** Opening Collected material block **
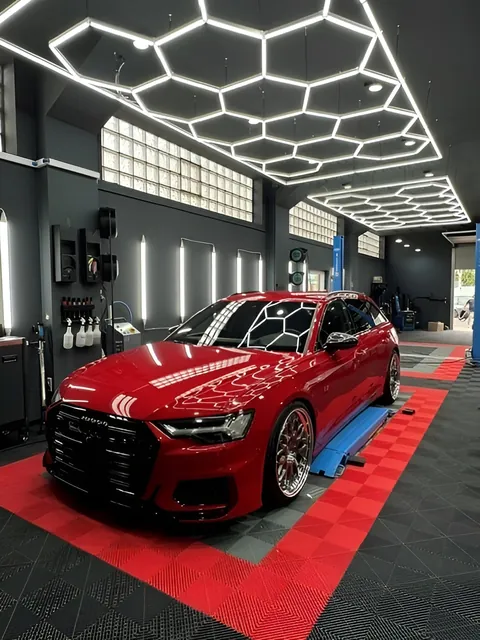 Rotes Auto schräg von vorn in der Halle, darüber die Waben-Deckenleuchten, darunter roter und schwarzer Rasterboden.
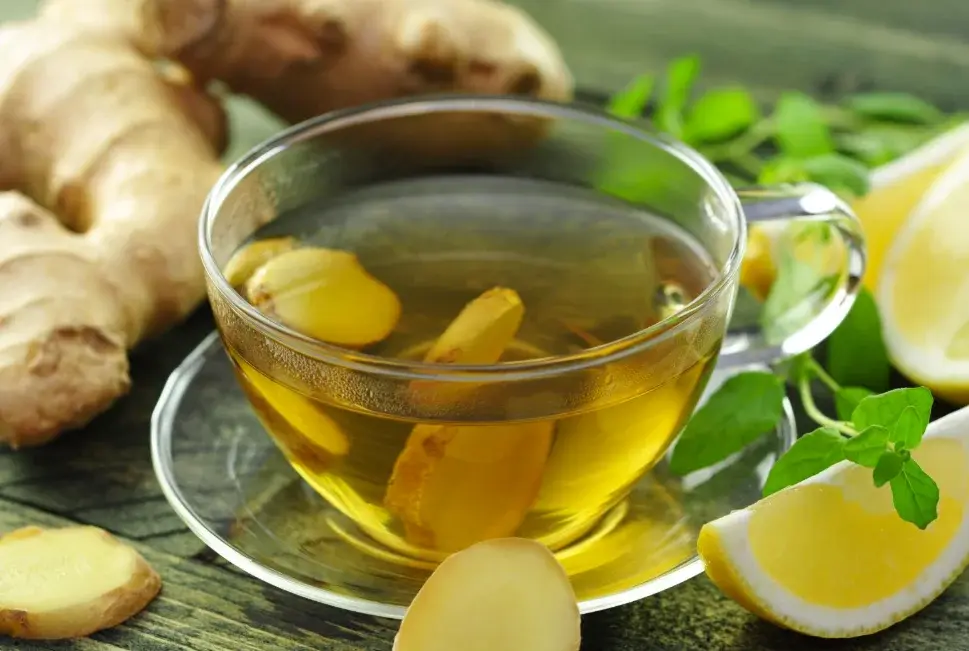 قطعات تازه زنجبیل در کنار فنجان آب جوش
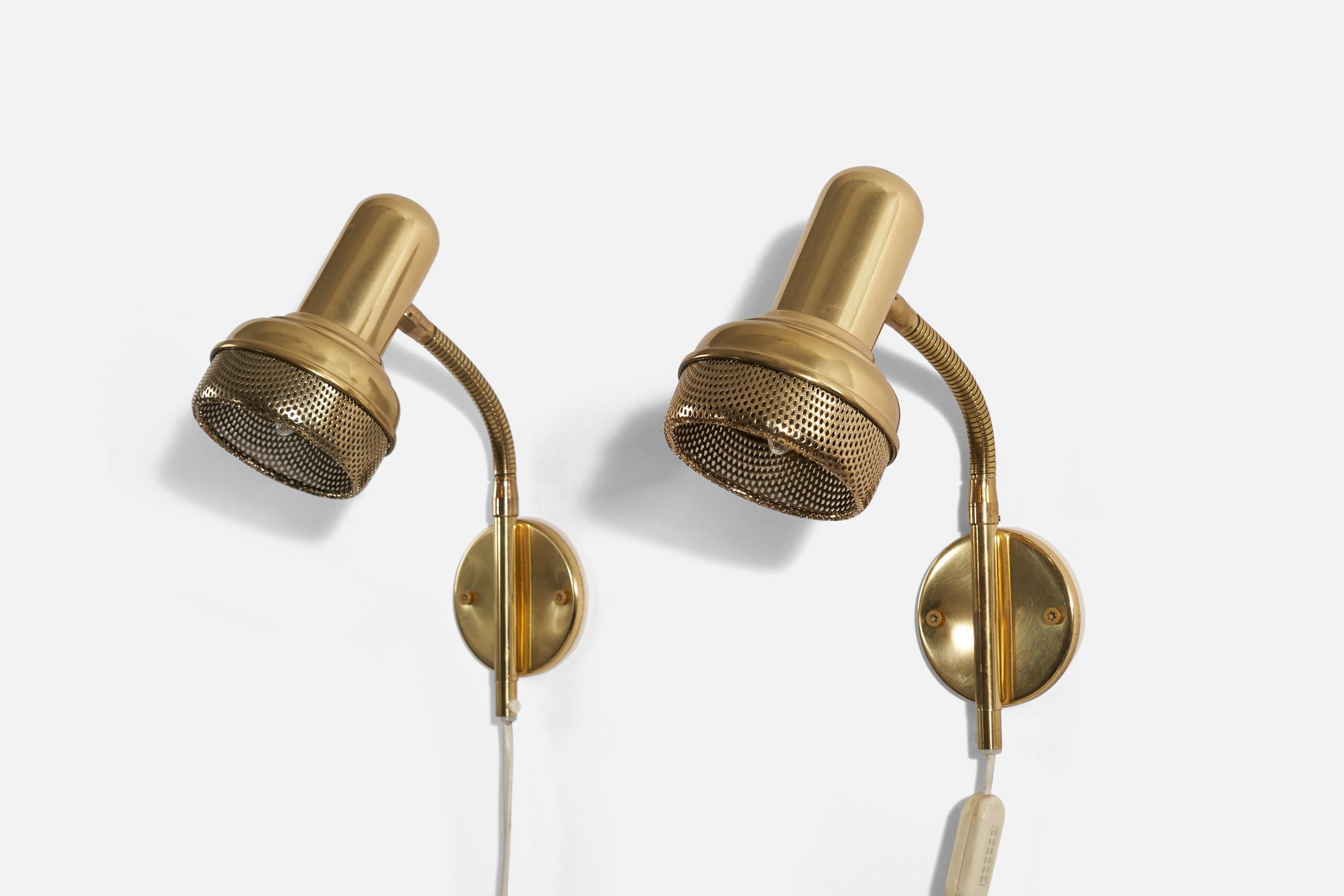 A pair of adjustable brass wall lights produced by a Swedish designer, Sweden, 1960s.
** Closing Collected material block **
Make a word-for-word repeat of the material, skipping all pictures.

Answer to this exercise:
 Rotes Auto schräg von vorn in der Halle, darüber die Waben-Deckenleuchten, darunter roter und schwarzer Rasterboden.
 قطعات تازه زنجبیل در کنار فنجان آب جوش
 A pair of adjustable brass wall lights produced by a Swedish designer, Sweden, 1960s.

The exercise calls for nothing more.